» Web page caption snippets
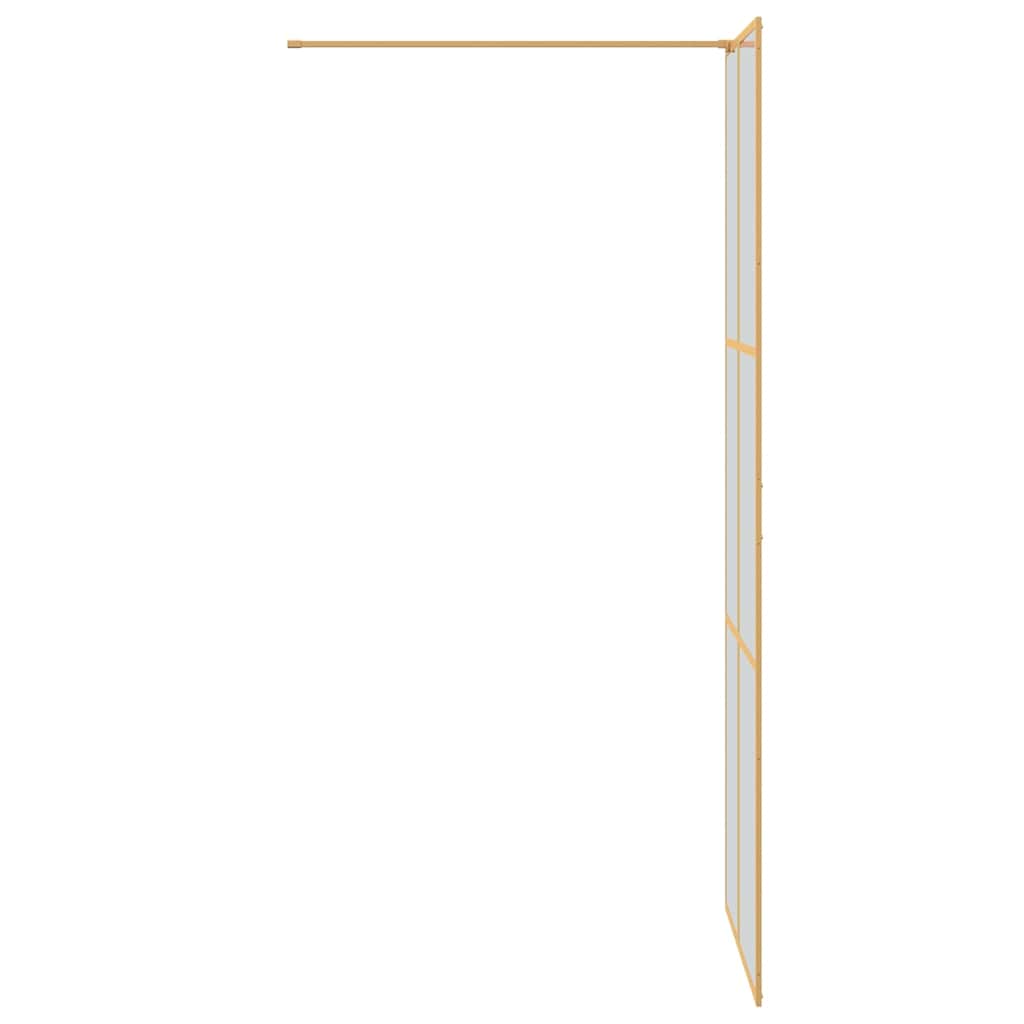 Inloop Douche Wand Goud 80 x 195 cm gehard glas is nu te koop bij PeponiXL, paradijselijk wonen!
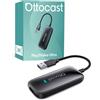 OTTOCAST Play2Video Ultra 2026 Upgrade Adattatore Wireless CarPlay & Android ...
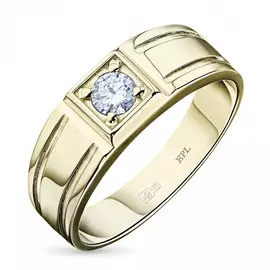 Кольцо из желтого золота с бриллиантом э0301кц11100100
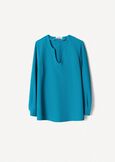 Charlen cady blouse
 VERDE PAVONE Woman image number 5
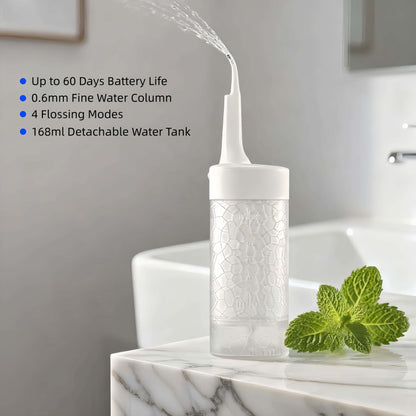 Orateeth Cordless Water Flosser – UV Sterilizing, 168ml Tank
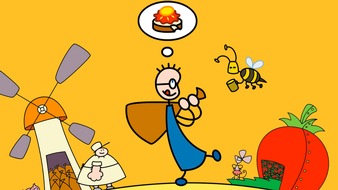 KiKA - Der Kinderkanal ARD/ZDF: 20 Jahre "TOM und das Erdbeermarmeladebrot mit Honig" / KiKA feiert den Geburtstag der Kultfigur mit 20 Folgen und einem besonderen "KiKA-Baumhaus"-Beitrag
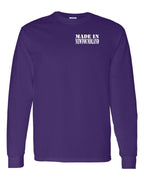 Made In NFLD ( White Lettering) Left Chest Long Sleeve - Unisex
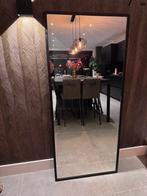 Grote rechthoekige spiegel met zwarte rand (IKEA), Ophalen, Gebruikt, 75 tot 100 cm, 150 tot 200 cm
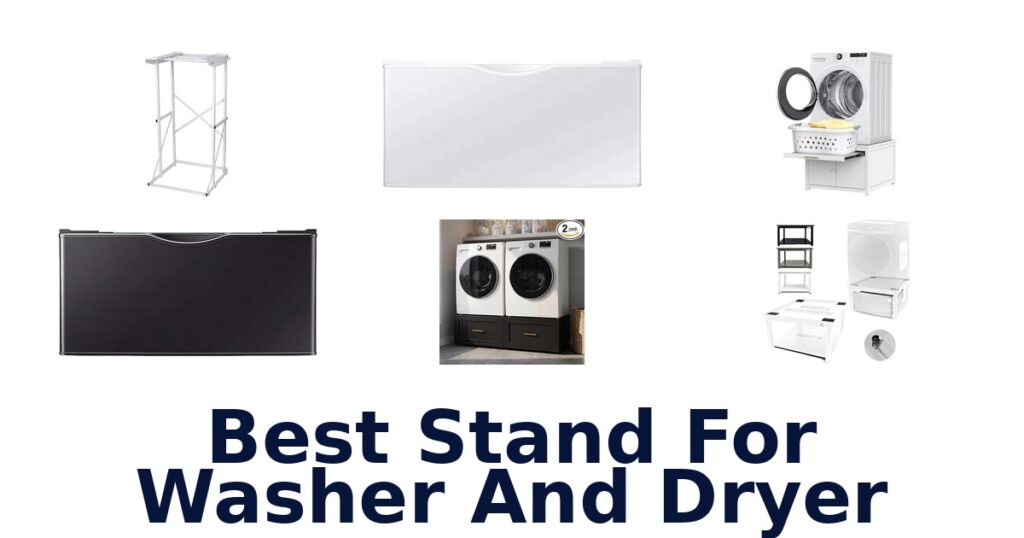 best stand for washer and dryer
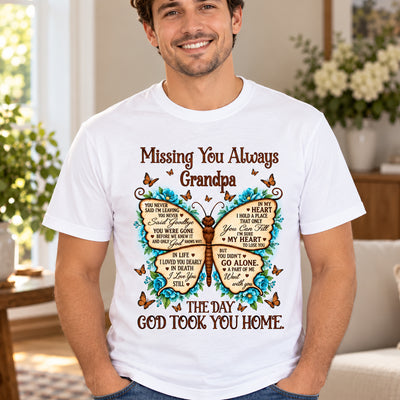 Missing You Always - Personalized T-Shirt, Memorial Gift, Loss Of Loved One Shirt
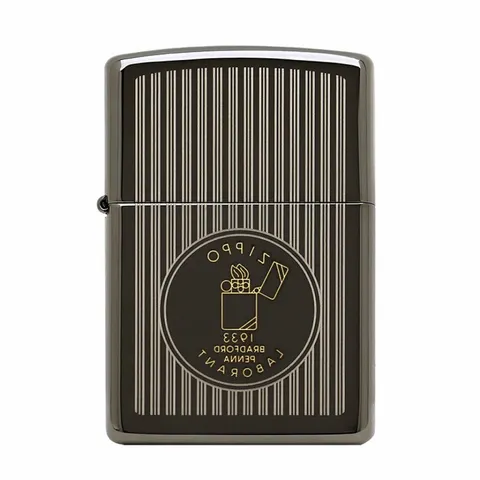 Bật Lửa Zippo 49629 Founder’s Day 2021 Black Ice - Phiên Bản Đen Huyền Bí Kỷ Niệm Sáng Lập Zippo, Quà Tặng Độc Đáo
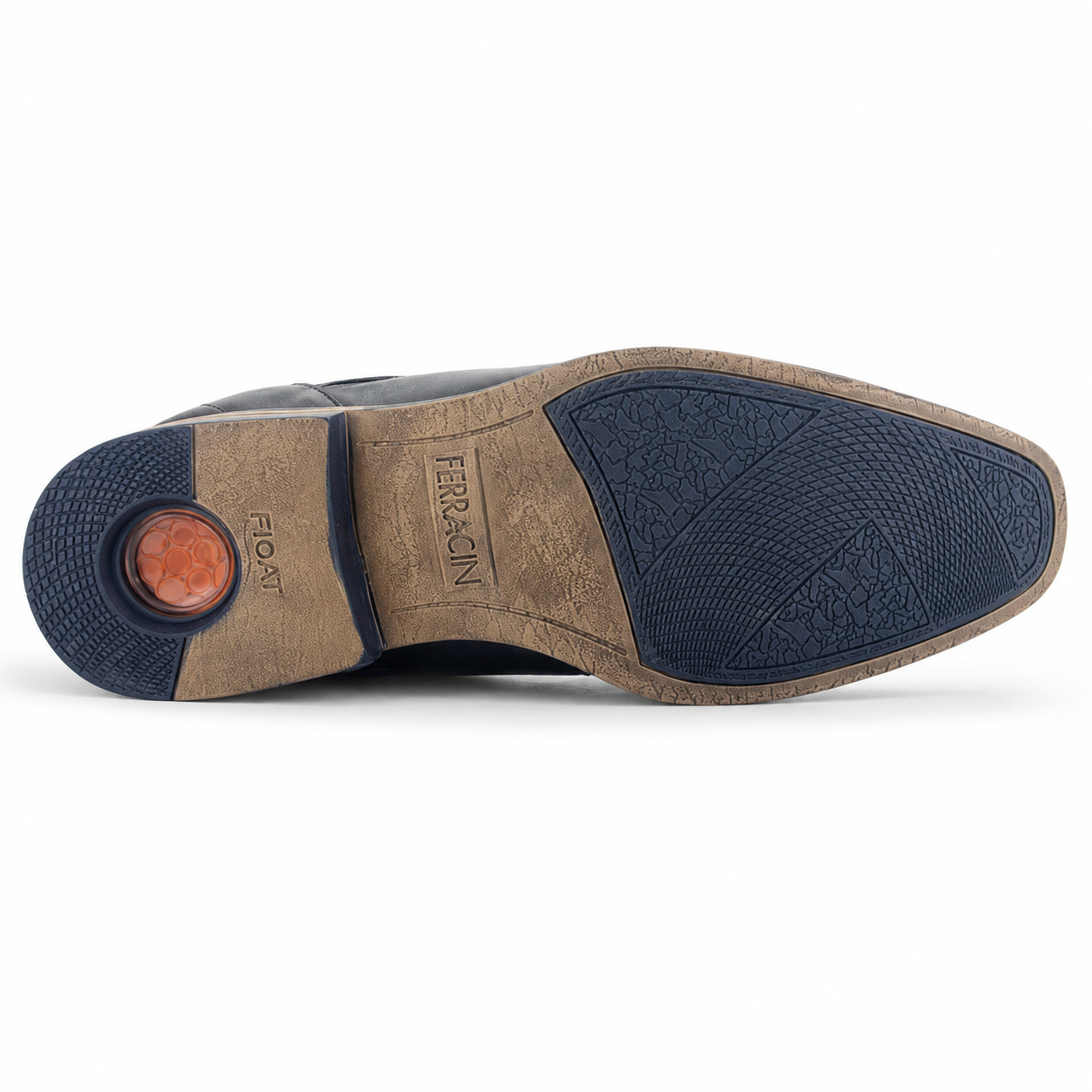 Zapato Ferracini Hombre 6067 Derby Negro Matte Casual-5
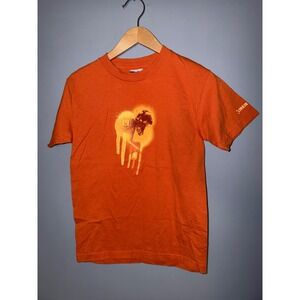 Vintage Linkin Park Orange Graphic T-Shirt Murina Tag Mens Small Nu Metal Rock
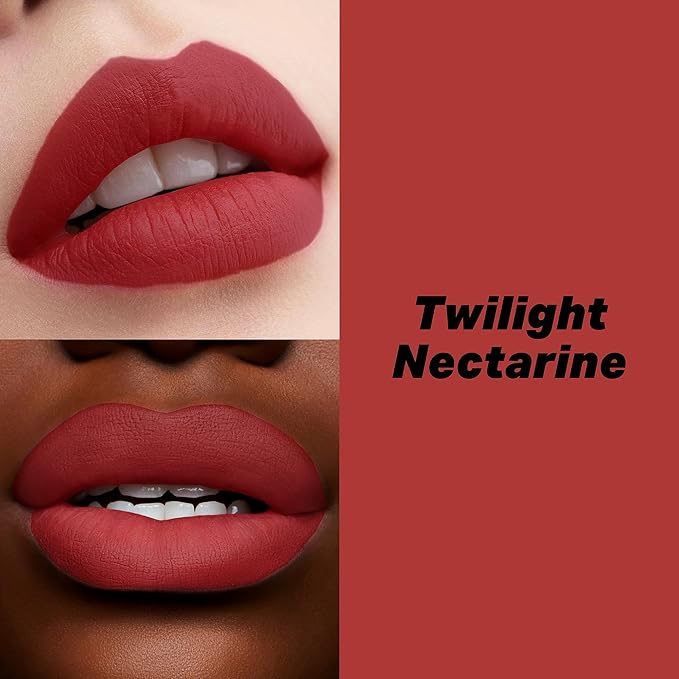 16-Hour Volumizing Matte Liquid Lipstick with Non-Drying, Waterproof Matte Liquid Lip Color: 118 Twilight Nectarine, 0.14 Fl Oz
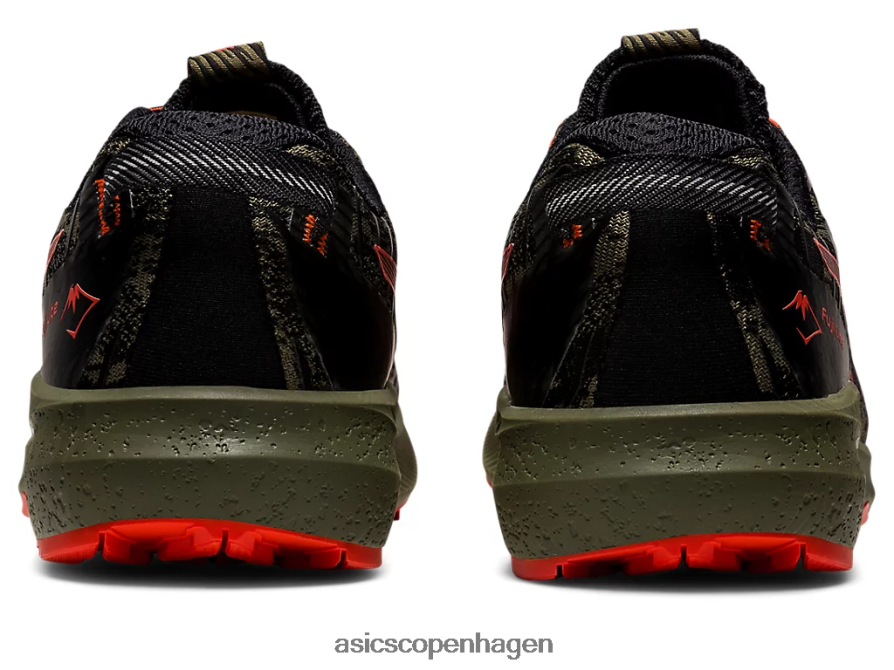 Asics fuji lite 3 kappegrøn/cherrytomat Z206F6735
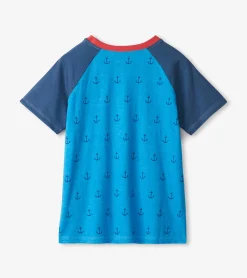 Best Boys Mini Anchors Raglan T-Shirt BOY Tops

» What to do
In the answer, give only the lines from the one containing "Bật Lửa Zippo" through the end of the records above, each reproduced exactly. Include no pictures.

» Response area
 Bật Lửa Zippo 49629 Founder’s Day 2021 Black Ice - Phiên Bản Đen Huyền Bí Kỷ Niệm Sáng Lập Zippo, Quà Tặng Độc Đáo
 Zapato Ferracini Hombre 6067 Derby Negro Matte Casual-5
 Vintage Linkin Park Orange Graphic T-Shirt Murina Tag Mens Small Nu Metal Rock
 16-Hour Volumizing Matte Liquid Lipstick with Non-Drying, Waterproof Matte Liquid Lip Color: 118 Twilight Nectarine, 0.14 Fl Oz
 Asics fuji lite 3 kappegrøn/cherrytomat Z206F6735
 Best Boys Mini Anchors Raglan T-Shirt BOY Tops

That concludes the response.